# Entries supplied

[Start of section]

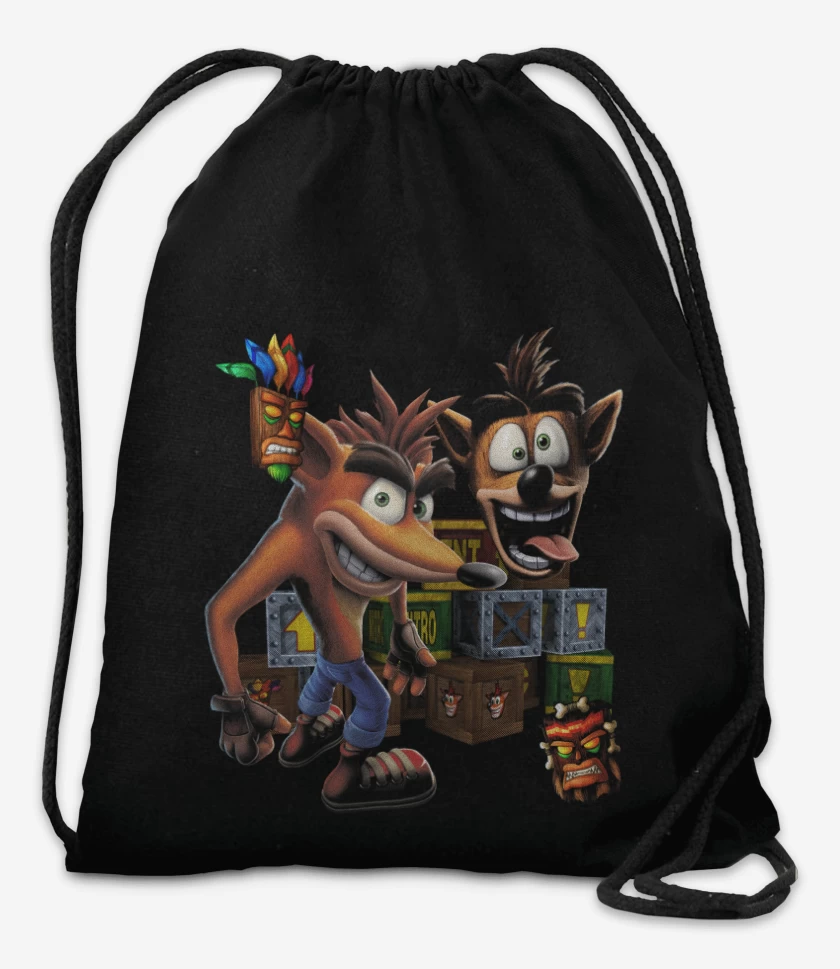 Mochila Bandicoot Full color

[End of section]
[Start of section]

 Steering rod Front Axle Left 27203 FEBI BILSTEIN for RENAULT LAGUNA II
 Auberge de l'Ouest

[End of section]

# The task
Give back precisely the lines above that start at the line containing "Steering rod Front" and end at the line containing "Auberge de l'Ouest", inclusive. No other lines belong in the output.

# Result
 Steering rod Front Axle Left 27203 FEBI BILSTEIN for RENAULT LAGUNA II
 Auberge de l'Ouest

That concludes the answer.